ちびっ子は、みゃ、みゃんっ!と鳴き、コロコロと転がるボールを追いかける。
「フッフッフ…。ニャ〜ンズ、覚悟っ!」
ボールに夢中になっているニャ〜ンズを両手で捕まえ、胸ヒレの裏にある肉球をぷにぷにと指で突っつく。
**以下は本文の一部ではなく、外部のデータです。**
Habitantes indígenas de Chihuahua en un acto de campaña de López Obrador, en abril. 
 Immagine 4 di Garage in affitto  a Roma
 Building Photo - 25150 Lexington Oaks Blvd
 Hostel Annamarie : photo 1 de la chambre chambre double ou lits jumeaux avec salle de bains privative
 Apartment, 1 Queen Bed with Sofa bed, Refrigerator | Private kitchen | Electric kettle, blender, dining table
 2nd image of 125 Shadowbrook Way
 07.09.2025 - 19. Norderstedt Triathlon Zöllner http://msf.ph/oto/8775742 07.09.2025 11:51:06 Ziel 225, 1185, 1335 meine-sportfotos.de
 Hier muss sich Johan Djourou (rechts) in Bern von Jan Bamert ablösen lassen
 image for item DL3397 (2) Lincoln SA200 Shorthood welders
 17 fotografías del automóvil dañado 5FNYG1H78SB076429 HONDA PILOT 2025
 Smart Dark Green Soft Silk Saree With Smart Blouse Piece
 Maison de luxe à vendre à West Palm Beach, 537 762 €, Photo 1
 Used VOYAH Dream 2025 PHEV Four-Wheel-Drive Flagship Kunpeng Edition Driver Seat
「肉球だけでなく、肌の方もぷにぷにでござる!それに、この猫のような鳴き声…、なんとも愛らしいでござるなっ」
手の平サイズの幼いニャ〜ンズを、ぷにぷにと突っついてぽわぁ〜んとなごむ。
「ほれ、カツオブシでござるよ」
ポーチの中にあるカツオブシをつまんで食べさせてやると…。
「あわわっ、順番にあげるから待つでござる!」
ご馳走の香りを嗅ぎつけた小さいニャ〜ンズが、保長の周りに群がってしまう。
「カツオブシは食ってもいいけど、保長の指は齧るなよ?」
助けてやろうと刹那がねこじゃらしを、ふら〜りふらふら〜と振る。
面白そうな玩具を見つけた小さなギャングたちは、目をギラつかせてねこじゃらしに飛びかかる。
「そう簡単には捕まえさせないぜ?ほーれ、ほれっ」
くるくると回すと猫サメたちもそれを捕らえるべく、回るように泳ぐ。
「なんだか楽しそうだな」
フックのリングの部分に登山用ザイルの端を結びながら、パートナーがニャ〜ンズと遊んでいる様子を見る。
「うむ、じゃれつく仕草が可愛いでござる!」
「あ…あたいは別に、頼まれたから遊んでやってるだけだからなっ」
自分までニャ〜ンズの愛らしさの虜になっているように言われた刹那は、顔を真っ赤にして怒鳴る。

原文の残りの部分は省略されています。